Low Rank Matrix Factorization

### Vectorization

  • Given matrices X (each row containing features of a particular movie) and Θ (each row containing the weights for those features for a given user), then the full matrix Y of all predicted ratings of all movies by all users is given simply by: \(Y = X\Theta^T\).

  • Predicting how similar two movies i and j are can be done using the distance between their respective feature vectors x. Specifically, we are looking for a small value of \(||x^{(i)} - x^{(j)}||\).

Mean Normalization

If the ranking system for movies is used from the previous lectures, then new users (who have watched no movies), will be assigned new movies incorrectly. Specifically, they will be assigned θ with all components equal to zero due to the minimization of the regularization term. That is, we assume that the new user will rank all movies 0, which does not seem intuitively correct. 新用户会被预测为0

We rectify this problem by normalizing the data relative to the mean. First, we use a matrix Y to store the data from previous ratings, where the ith row of Y is the ratings for the ith movie and the jth column corresponds to the ratings for the jth user.

We can now define a vector \[ \mu = [\mu_1, \mu_2, \dots , \mu_{n_m}] \] such that \[ \mu_i = \frac{\sum_{j:r(i,j)=1}{Y_{i,j}}}{\sum_{j}{r(i,j)}} \] Which is effectively the mean of the previous ratings for the ith movie (where only movies that have been watched by users are counted).

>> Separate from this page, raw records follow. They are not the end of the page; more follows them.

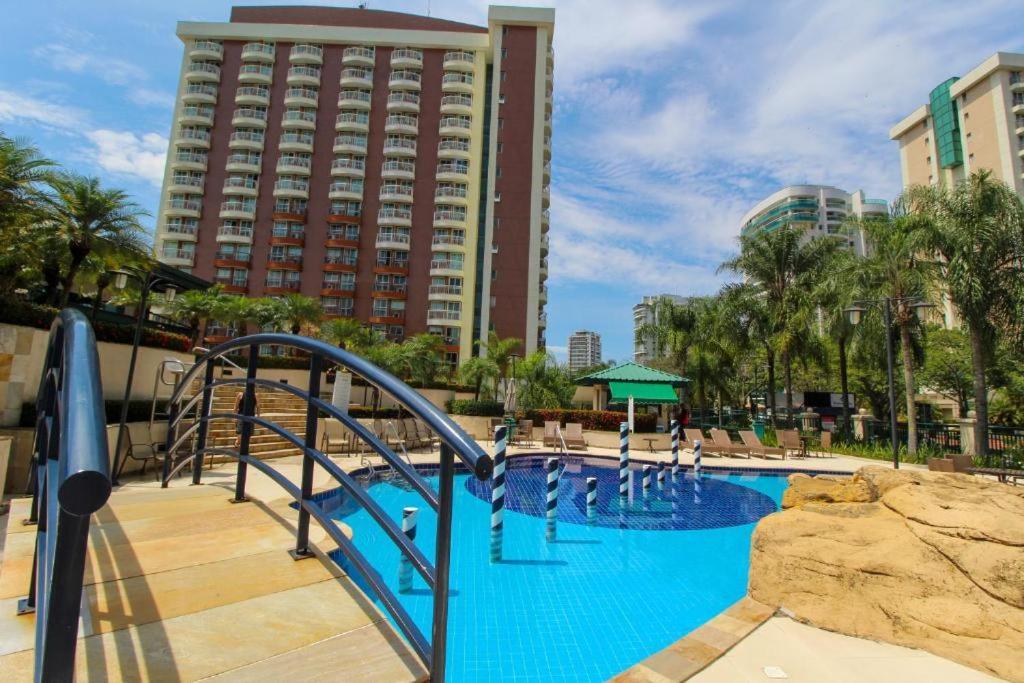 Barra Da Tijuca - 508 - De Frente Para Maravilhosa Piscina - Estacionamento Gratuito - Academia Comphania Atletica - Balsa Para Praia Gratis - Microondas - Geladeira Grande - Recepcao 24Horas - Wi-Fi - Com Pia ريو دي جانيرو المظهر الخارجي الصورة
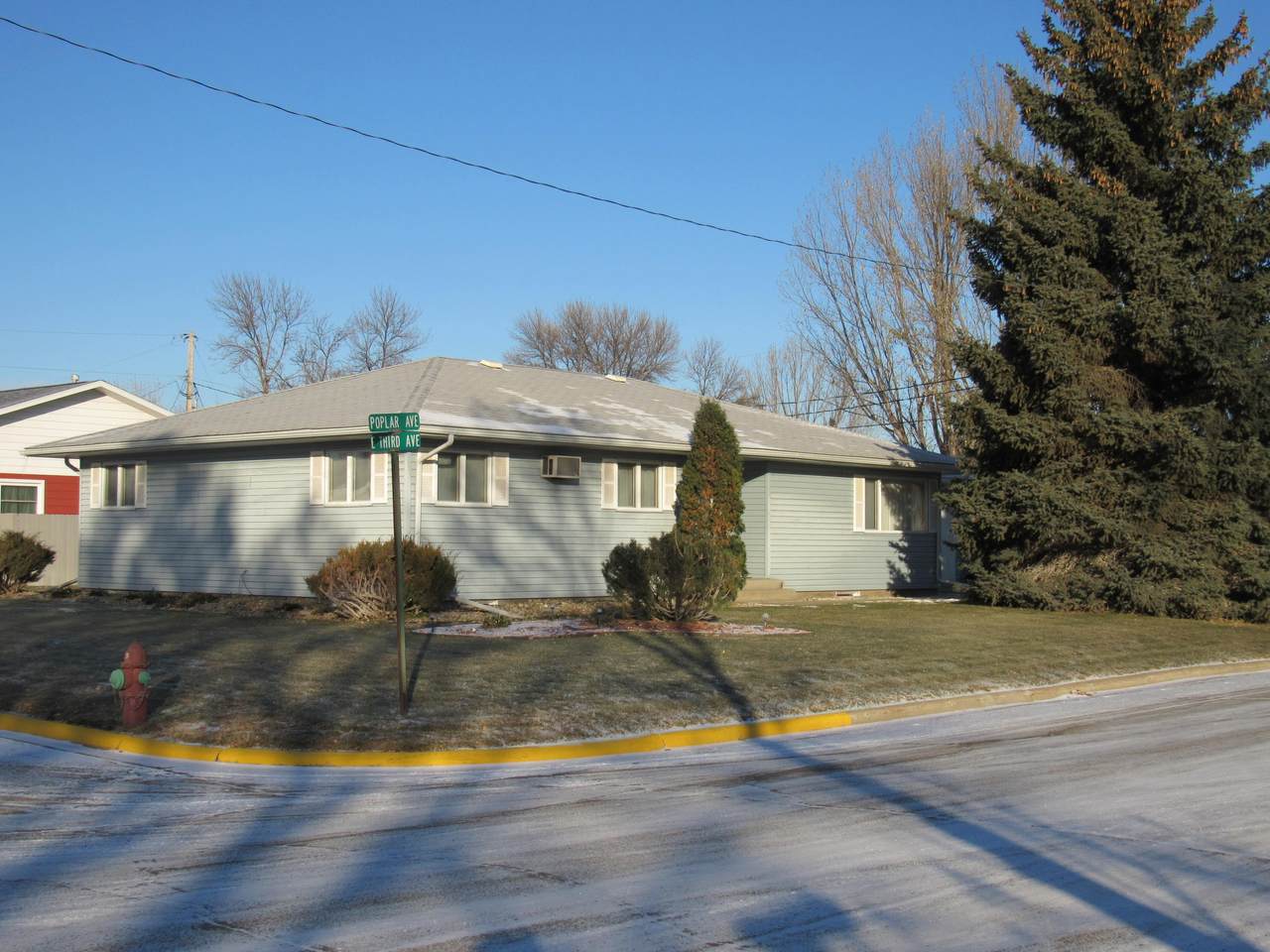 301 Poplar Street - Photo 1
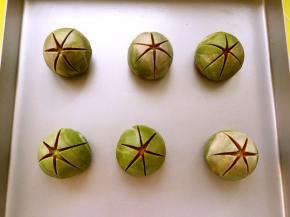 烤箱预热180度，用锋利的刀在表面划3刀，均分成6份，正好是荷花的六片花瓣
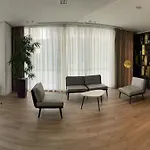 Mercure Center
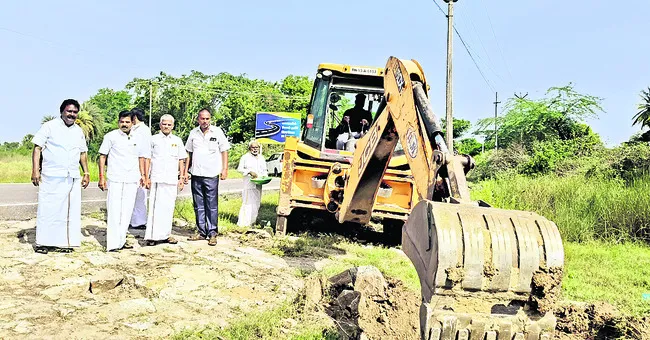 బ్రిడ్జి నిర్మాణానికి భూమి పూజ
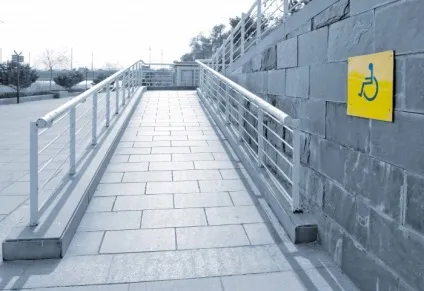 Відкидні пандуси для сходових майданчиків (відкидні) Відкидні пандуси для сходових майданчиків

We now can normalize the data by subtracting u, the mean rating, from the actual ratings for each user (column in matrix Y):

As an example, consider the following matrix Y and mean ratings μ: \[ Y=\left[\begin{array}{cccc} 5 & 5 & 0 & 0 \\ 4 & ? & ? & 0 \\ 0 & 0 & 5 & 4 \\ 0 & 0 & 5 & 0 \end{array}\right], \quad \mu=\left[\begin{array}{c} 2.5 \\ 2 \\ 2.25 \\ 1.25 \end{array}\right] \] The resulting Y′ vector is: \[ Y^{\prime}=\left[\begin{array}{cccc} 2.5 & 2.5 & -2.5 & -2.5 \\ 2 & ? & ? & -2 \\ -2 .25 & -2.25 & 3.75 & 1.25 \\ -1.25 & -1.25 & 3.75 & -1.25 \end{array}\right] \] Now we must slightly modify the linear regression prediction to include the mean normalization term: \[ (\theta^{(j)})^T x^{(i)} + \mu_i \] Now, for a new user, the initial predicted values will be equal to the μ term instead of simply being initialized to zero, which is more accurate.

Note: 一般的均值归一化要除以range,即max-min,但是这里不需要,因为都有统一的scale